Luminal B tumours are more frequently associated with
axillary nodal metastases at the time of diagnosis than
luminal A tumours. Luminal B tumours more often
present with multifocal or multicentric disease on MRI.[3]
The ‘luminal B HER2+’ subtype has been reported to
be more likely to involve axillary lymph nodes and to
present with multifocal or multicentric disease on MRI
(Figure 4).[3]
Figure 4. A 55-year-old woman with multicentric luminal B human epidermal growth factor receptor 2 + breast cancer (oestrogen receptor
90%, progesterone receptor 60%, c-erbB2 2+, and Ki-67 ~30%). (a) Axial and (b) coronal contrast-enhanced T1-weighted magnetic
resonance images showing an irregular enhancing mass with spiculated margins in the upper inner quadrant of the left breast (arrowheads)
with multiple smaller enhancing foci (arrows in [b]) in the lower inner and upper outer quadrants of the left breast, consistent with multicentric
disease. (c and d) Corresponding fusion images of positron emission tomography/computed tomography depict a lobulated hypermetabolic
mass in the upper inner quadrant (maximum standardised uptake value [SUVmax] = 14.5) and multiple small hypermetabolic foci in the lower inner quadrant (SUVmax = 4.9), again consistent with multicentric disease.
Distant metastasis in luminal breast cancers shows
a greater propensity to involve the skeletal system
compared to other breast cancer subtypes (Figure 5).[9] [10]
Figure 5. A 43-year-old woman with luminal B breast cancer and multiple bone metastases (oestrogen receptor 60%, progesterone receptor 30%, c-erbB2 0+, and Ki-67 ~20%). (a) Mediolateral-oblique and (b) craniocaudal mammographic images showing an irregular high-density mass with spiculated margins in the upper outer right breast (open arrows), with pleomorphic microcalcifications (arrow in
[a]). (c) Ultrasound image of the mass shows that it is irregular and hypoechoic with spiculated margins. (d) Ultrasound of the right axilla
shows multiple enlarged nodes (arrowheads) with eccentric cortical thickening and loss of fatty hilum suggestive of nodal metastases. (e)
Maximal intensity projection image of whole-body positron emission tomography showing a hypermetabolic primary tumour in the upper
outer quadrant of the right breast (arrow) with axillary node involvement (open arrow) and multiple sites of bone metastases in the spine
(arrowheads).
HUMAN EPIDERMAL GROWTH FACTOR RECEPTOR 2–ENRICHED SUBTYPE
Genetic Expression and Clinical Implications
HER2-positive cancers are defined by overexpression
of the c-erbB2 (HER2/neu) gene, which encodes the
epidermal growth factor receptor type 2.[6] Of all HER2-positive tumours, 60% are HER2-enriched, characterised by HER2 positivity and ER and PR negativity.[6]
Being a proto-oncogene, amplification of c-erbB2
results in increased cellular aggressiveness and faster
growth.
HER2-enriched breast cancers are generally intermediate-to-high-grade tumours with an aggressive course, worse
survival rate, and higher recurrence rate compared to
luminal breast cancers.[5]
Fortunately, HER2-directed therapy has shown success
in improving clinical outcomes, and trastuzumab therapy
is a widely used and effective anti-HER2 agent.
Imaging Characteristics
HER2-enriched tumours most commonly present as a
mass associated with microcalcifications or as suspicious
microcalcifications alone on mammography (Figure 6).[6]
The margins of HER2-enriched tumours are usually
spiculated.
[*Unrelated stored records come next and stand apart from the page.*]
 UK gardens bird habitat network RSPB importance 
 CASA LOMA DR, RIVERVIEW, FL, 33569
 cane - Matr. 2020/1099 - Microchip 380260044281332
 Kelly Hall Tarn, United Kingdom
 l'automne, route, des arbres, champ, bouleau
Sonographically, HER2-enriched tumours
are usually iso- to hypoechoic with indistinct margins
and a high degree of vascularity (Figure 6).[6] On MRI,
a round mass with spiculated margins and non-mass
enhancement are the most frequent patterns in HER2-enriched subtype.[6] [8] HER2-enriched tumours are often
multifocal and/or multicentric on MRI and are frequently
associated with ductal carcinoma in situ (Figure 7).[6] [8]
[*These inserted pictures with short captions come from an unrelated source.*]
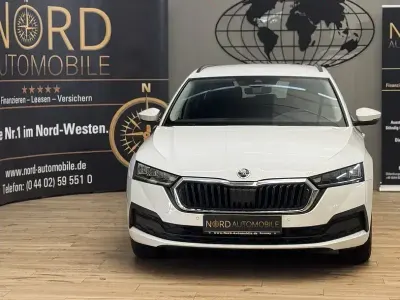 Second-hand Skoda Octavia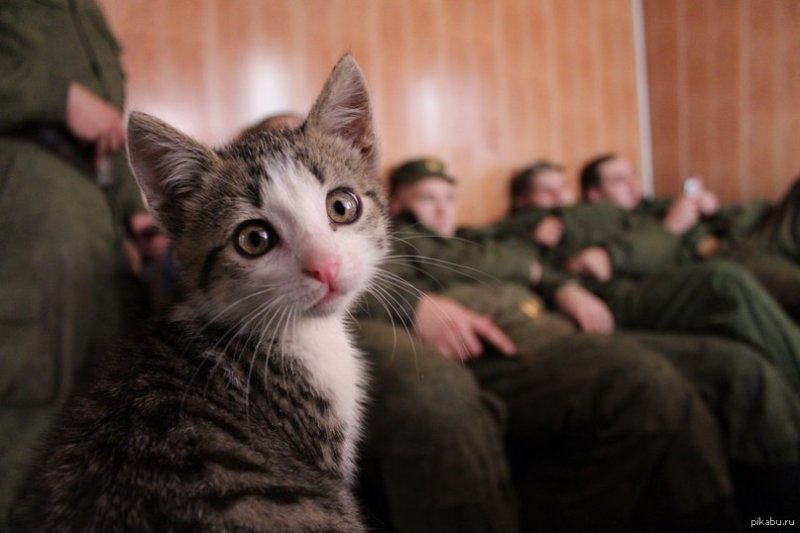Кот в армии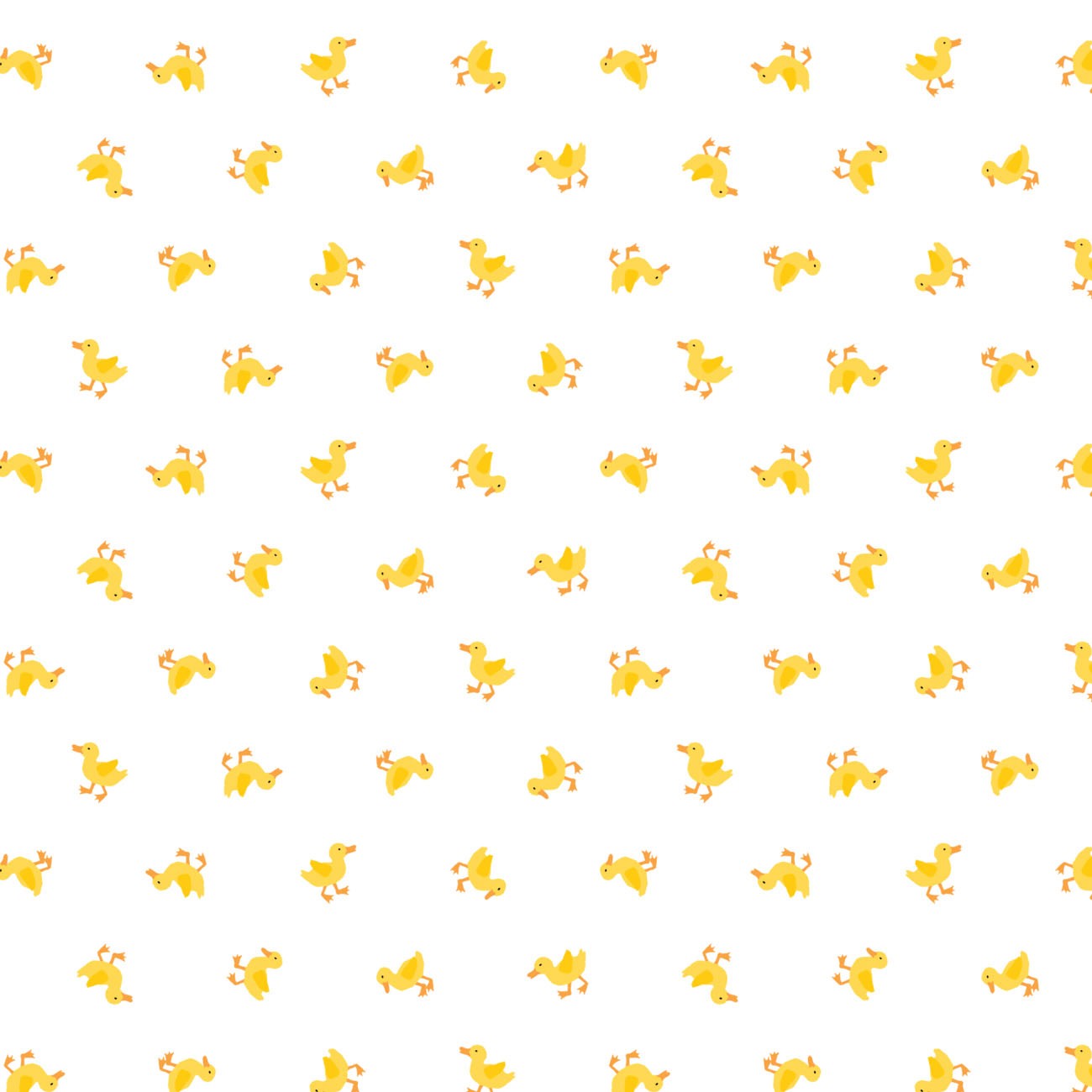 White Little Ducklings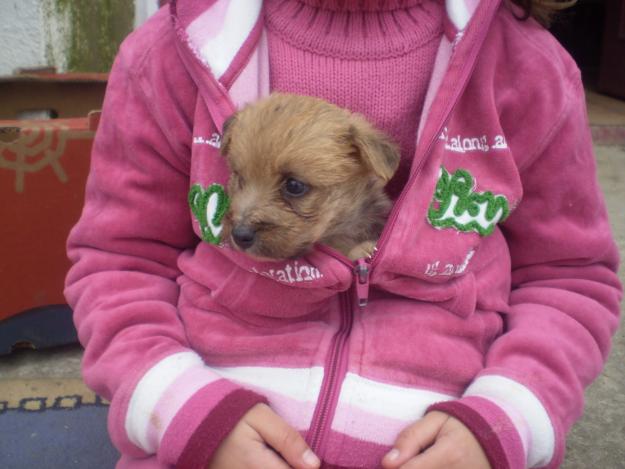 SE VENDEN CACHORROS DE PASTOR VASCO DE TALLA MEDIANA Y PEQUEÑA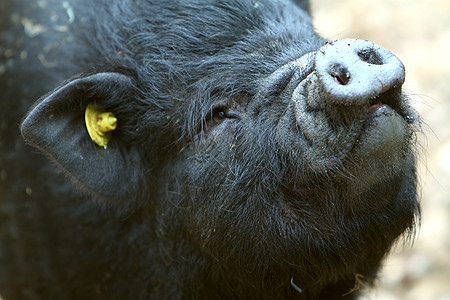 猪手表公猪水平野生动物动物棕色鼻子黑色哺乳动物头发图片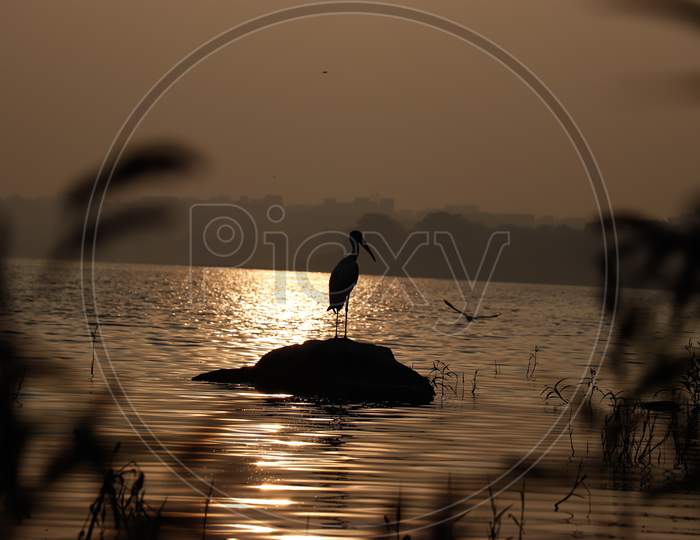 silhouette of Bird standing in a Lake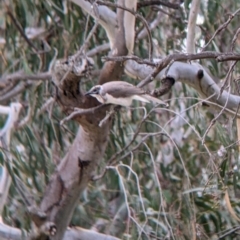 Philemon citreogularis at Urana, NSW - 25 Jul 2022 02:12 PM
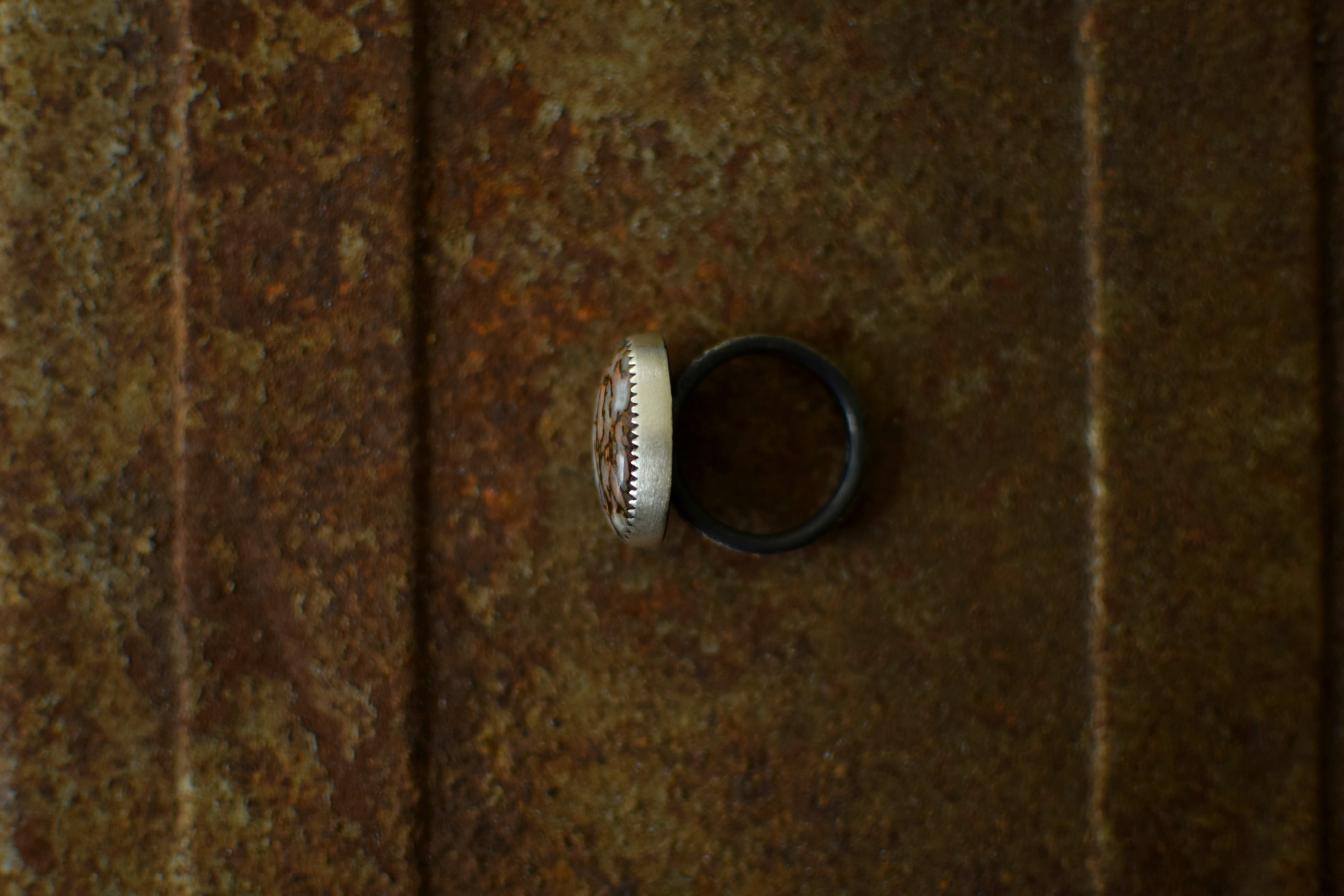 XDinosaur Bone Ring - Fossilized Dino Bone - Sterling Silver Ring - Fossils - Fossil Jewelry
Figure 6. An 84-year-old woman with human epidermal growth factor receptor 2–enriched breast cancer (oestrogen receptor <1%,
progesterone receptor <1%, c-erbB2 3+, and Ki-67 ~35%). (a) Mediolateral-oblique and (b) craniocaudal mammographic views of the
right breast showing an irregular high-density mass in the retroareolar region, with spiculated margins and associated fine-linear branching
microcalcifications in a segmental distribution (arrowheads). Marked nipple retraction (arrow in [a]) is suggestive of nipple involvement. (c)
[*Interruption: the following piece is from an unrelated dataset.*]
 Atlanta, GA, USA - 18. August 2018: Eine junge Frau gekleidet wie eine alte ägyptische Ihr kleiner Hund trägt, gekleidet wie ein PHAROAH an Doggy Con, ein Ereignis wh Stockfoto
Ultrasound image showing an irregular hypoechoic mass with indistinct margins and posterior acoustic shadowing.
Figure 7. A 42-year-old woman presented with left mammary Paget’s disease and was subsequently found to have multicentric human
epidermal growth factor receptor 2 (HER2)–enriched breast cancer (oestrogen receptor <1%, progesterone receptor <1%, c-erbB2 3+, and
Ki-67 ~20%) and ductal carcinoma in situ (DCIS). (a) Axial contrast-enhanced T1-weighted subtraction magnetic resonance (MR) image
depicts abnormal enhancement involving the left nipple and periareolar region (arrows) in keeping with Paget’s disease. (b and c) Axial
contrast-enhanced T1-weighted subtraction MR images showing multicentric disease with two irregular and spiculated enhancing masses
in the left breast (arrow in [b] and open arrow in [c]), both of which were histologically proven to be HER2-enriched breast cancer. Segmental
non-mass enhancement in the outer aspect of the left breast (arrowheads in [b]) corresponds to the coexisting DCIS.
Distant metastases in HER2-enriched breast cancers
show a propensity to involve the brain (Figure 8).[9]
Figure 8. A 45-year-old woman with stage 4 human epidermal
growth factor receptor 2–enriched breast cancer (oestrogen
receptor <1%, progesterone receptor <1%, c-erbB2 3+, and Ki-67 ~40%). Coronal contrast-enhanced T1-weighted magnetic
resonance image shows multiple enhancing brain metastases.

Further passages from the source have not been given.